▶ _Task_
In how many lines of the records does the word "Landscape" appear? Reply with the number and nothing else.

### Exercise material

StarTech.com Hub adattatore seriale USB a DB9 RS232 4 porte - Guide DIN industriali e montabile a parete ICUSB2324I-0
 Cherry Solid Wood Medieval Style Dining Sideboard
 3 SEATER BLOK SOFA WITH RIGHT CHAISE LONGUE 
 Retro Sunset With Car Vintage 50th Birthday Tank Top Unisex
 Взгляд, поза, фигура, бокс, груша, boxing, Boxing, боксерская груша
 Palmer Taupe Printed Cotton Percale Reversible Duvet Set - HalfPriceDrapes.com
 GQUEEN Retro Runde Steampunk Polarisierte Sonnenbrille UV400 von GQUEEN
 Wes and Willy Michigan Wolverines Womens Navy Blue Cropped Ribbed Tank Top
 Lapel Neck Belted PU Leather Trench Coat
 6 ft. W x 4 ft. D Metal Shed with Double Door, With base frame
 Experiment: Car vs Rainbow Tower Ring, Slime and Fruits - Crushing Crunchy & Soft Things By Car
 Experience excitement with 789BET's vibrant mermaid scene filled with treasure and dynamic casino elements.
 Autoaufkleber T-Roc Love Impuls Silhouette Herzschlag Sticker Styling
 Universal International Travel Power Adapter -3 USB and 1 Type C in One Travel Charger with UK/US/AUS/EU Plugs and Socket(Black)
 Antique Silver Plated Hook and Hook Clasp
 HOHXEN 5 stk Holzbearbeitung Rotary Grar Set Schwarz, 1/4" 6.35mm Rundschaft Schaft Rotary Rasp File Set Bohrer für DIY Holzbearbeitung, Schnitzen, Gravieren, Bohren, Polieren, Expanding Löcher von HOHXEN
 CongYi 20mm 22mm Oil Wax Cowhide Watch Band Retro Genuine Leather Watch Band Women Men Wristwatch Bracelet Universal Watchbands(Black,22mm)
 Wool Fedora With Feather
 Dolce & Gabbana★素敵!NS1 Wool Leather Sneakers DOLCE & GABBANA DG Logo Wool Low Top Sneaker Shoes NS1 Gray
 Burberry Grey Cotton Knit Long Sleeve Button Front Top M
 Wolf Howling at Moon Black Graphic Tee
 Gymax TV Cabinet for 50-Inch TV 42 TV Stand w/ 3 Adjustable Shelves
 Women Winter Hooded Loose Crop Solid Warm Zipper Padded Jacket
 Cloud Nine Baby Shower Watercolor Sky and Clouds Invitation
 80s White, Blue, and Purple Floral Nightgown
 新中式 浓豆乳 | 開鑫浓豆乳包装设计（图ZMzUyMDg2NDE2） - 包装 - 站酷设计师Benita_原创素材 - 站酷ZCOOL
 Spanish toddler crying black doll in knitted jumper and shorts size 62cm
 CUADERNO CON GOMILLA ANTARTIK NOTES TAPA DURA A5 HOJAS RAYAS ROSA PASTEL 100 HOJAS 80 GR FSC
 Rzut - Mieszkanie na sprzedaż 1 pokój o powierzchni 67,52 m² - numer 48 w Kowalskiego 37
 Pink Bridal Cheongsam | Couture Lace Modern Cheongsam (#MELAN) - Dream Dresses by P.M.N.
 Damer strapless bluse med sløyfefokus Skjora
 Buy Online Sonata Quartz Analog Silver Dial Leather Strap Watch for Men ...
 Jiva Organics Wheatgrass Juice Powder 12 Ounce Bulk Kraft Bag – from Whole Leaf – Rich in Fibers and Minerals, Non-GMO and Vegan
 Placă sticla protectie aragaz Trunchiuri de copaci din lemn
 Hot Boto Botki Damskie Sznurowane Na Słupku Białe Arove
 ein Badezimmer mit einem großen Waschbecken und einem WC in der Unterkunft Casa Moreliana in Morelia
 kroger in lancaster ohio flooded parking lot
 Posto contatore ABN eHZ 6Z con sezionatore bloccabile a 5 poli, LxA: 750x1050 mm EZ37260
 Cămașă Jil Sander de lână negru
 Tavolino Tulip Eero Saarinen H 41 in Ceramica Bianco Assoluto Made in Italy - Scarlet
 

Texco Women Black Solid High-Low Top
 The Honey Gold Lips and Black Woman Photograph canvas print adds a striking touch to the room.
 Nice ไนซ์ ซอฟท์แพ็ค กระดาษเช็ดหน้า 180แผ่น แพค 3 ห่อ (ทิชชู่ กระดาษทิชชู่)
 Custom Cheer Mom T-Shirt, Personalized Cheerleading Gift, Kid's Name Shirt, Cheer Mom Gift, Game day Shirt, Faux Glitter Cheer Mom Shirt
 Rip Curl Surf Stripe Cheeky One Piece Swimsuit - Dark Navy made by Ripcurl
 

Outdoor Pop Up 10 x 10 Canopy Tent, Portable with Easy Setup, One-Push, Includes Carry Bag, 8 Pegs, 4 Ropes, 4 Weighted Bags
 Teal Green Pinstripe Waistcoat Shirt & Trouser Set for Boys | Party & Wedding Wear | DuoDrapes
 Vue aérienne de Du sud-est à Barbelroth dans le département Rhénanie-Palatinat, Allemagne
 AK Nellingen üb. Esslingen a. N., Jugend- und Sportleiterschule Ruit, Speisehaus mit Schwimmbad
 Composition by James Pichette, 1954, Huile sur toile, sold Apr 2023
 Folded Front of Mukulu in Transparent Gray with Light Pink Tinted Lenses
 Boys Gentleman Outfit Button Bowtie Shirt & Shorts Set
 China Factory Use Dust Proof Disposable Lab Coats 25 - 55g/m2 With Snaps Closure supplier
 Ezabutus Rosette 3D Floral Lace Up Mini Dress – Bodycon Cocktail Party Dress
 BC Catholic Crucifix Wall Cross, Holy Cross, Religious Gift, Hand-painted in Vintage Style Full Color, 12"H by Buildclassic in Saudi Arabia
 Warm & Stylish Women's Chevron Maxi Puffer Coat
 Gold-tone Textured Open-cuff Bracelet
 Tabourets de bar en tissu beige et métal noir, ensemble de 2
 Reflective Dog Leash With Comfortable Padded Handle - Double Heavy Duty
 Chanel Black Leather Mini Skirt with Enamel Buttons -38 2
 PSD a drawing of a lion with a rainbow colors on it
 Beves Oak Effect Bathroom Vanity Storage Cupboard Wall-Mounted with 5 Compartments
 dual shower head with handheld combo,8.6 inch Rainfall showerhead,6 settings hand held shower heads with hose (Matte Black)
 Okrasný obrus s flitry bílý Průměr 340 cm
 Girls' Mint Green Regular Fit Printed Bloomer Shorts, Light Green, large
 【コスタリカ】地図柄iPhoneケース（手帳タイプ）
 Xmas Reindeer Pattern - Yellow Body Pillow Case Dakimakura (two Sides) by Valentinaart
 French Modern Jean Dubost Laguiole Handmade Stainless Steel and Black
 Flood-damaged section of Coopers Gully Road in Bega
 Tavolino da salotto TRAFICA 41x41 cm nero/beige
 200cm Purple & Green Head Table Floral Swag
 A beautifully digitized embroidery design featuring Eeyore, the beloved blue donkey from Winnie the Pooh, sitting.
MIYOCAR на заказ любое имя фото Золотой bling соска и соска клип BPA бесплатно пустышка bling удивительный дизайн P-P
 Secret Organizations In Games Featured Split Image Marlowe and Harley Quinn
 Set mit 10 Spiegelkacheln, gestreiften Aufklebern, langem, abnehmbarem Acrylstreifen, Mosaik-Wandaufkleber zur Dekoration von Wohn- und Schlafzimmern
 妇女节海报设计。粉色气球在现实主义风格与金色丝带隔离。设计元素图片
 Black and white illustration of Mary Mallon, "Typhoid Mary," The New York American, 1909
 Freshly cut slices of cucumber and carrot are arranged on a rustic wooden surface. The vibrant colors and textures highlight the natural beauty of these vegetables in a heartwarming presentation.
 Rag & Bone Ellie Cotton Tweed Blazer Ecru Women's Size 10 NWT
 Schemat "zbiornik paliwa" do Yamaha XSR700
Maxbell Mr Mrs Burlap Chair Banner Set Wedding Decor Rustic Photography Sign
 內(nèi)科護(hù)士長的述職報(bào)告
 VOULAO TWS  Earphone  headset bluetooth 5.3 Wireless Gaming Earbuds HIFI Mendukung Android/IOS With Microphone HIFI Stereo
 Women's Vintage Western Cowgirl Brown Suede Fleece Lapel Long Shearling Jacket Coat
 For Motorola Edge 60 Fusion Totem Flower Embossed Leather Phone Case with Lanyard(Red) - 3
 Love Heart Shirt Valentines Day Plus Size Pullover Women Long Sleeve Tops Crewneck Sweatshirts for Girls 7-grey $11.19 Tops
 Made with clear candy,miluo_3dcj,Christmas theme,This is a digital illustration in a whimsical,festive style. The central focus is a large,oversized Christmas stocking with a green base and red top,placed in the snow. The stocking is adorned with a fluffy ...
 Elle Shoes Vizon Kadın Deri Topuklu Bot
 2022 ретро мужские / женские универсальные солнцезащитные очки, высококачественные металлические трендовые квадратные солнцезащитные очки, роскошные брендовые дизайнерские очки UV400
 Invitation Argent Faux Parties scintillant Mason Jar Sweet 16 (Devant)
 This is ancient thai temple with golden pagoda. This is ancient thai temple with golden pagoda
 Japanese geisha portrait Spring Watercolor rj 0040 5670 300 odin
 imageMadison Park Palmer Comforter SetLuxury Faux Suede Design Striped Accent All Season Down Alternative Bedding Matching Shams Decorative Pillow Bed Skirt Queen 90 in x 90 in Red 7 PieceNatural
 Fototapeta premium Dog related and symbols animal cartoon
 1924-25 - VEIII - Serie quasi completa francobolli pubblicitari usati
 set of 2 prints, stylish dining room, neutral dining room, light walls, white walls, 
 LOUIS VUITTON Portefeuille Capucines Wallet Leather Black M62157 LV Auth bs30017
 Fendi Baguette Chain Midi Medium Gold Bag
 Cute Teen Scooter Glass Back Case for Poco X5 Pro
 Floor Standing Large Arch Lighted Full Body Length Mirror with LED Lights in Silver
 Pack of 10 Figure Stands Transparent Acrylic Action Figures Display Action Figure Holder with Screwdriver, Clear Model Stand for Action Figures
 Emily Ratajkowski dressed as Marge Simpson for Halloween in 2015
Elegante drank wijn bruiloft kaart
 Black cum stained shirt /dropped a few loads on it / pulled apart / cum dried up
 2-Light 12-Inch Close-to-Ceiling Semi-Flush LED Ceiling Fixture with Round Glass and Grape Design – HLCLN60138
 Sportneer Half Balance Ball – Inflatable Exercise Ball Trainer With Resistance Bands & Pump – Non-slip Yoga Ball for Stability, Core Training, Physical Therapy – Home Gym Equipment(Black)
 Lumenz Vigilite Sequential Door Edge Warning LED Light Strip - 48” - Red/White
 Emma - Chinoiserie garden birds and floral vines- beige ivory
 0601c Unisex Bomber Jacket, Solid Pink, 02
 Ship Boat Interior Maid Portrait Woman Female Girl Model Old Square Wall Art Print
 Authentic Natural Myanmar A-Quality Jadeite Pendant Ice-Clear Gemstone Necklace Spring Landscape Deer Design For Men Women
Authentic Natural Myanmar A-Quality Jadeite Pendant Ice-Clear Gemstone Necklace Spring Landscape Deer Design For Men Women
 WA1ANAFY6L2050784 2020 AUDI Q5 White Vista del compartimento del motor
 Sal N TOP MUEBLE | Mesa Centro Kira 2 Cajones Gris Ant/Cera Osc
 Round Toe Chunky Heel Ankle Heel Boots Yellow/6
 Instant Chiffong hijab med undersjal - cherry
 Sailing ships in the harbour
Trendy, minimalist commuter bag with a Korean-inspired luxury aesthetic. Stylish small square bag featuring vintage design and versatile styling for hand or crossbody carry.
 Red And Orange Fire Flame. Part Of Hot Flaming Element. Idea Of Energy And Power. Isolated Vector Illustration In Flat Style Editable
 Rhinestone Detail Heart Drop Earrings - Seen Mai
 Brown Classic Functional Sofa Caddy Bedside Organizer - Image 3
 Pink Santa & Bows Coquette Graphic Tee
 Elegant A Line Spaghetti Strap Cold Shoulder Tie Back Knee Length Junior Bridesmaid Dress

######

▶ _Solution to the problem_
2